April 20, 2024

Eleven states sue Obama administration over transgender bathroom guidance

730x420-9327795b24b7a88688ebbbf5ffb31125Eleven states filed a federal lawsuit Wednesday against the Obama administration to challenge its federal guidance on how schools should accommodate transgender students.

The lawsuit was filed in the U.S. District Court for the Northern District of Texas on behalf of Alabama, Arizona, Georgia, Louisiana, Maine, Oklahoma, Tennessee, Texas, Utah, West Virginia and Wisconsin.

The lawsuit argues that the federal government has worked to turn workplaces and schools “into laboratories for a massive social experiment.” It also argues that the federal government is “flouting the democratic process, and running roughshod over commonsense policies protecting children.”

The guidance, the lawsuit states, “has no basis in law” and could cause “seismic changes in the operations of the nation’s school districts.”

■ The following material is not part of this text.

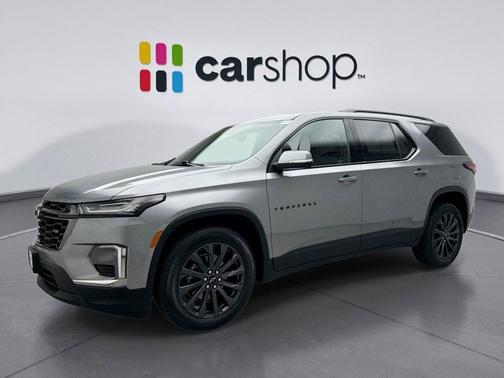 Sterling Gray Metallic 2023 Chevrolet Traverse RS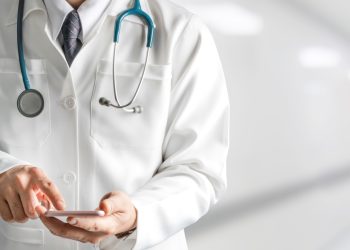 의사면허 위조 정형외과 전문의 행세, 27년만에 들통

The official announcement of federal lawsuit came after Texas Gov. Greg Abbott said on Twitter his state’s attorney general would “sue to stop Obama’s transgender directive to schools.” Abbott thanked Attorney General Ken Paxton, a Republican, for the forthcoming lawsuit in that tweet early Wednesday afternoon following initial reports about the lawsuit.

“Our local schools are now in the crosshairs of the Obama administration, which maintains it will punish those schools who do not comply with its orders. These schools are facing the potential loss of school funding for simply following common sense policies that protect their students,” Paxton said at a news conference in Austin announcing the lawsuit Wednesday.

“This represents just the latest example of the current administration’s attempts to accomplish by executive fiat what they couldn’t accomplish through the democratic process in Congress,” he added. “By forcing through his policies by executive action, President Obama excluded the voice of the people. We stand today to ensure those voices are heard.”

The Justice and Education departments issued a guidance this month on how schools could better accommodate transgender students and provide them restroom facilities that match their gender identities. That guidance came after North Carolina passed legislation mandating transgender individuals use the bathroom facility that matches their birth gender.

Last week, Paxton and the attorneys general of Oklahoma and West Virginia wrote to the Justice and Education departments asking for clarity on the guidelines and what they mean for federal education funding should a state ignore the guidance. In that letter, they asked for an administration response by Tuesday May 24.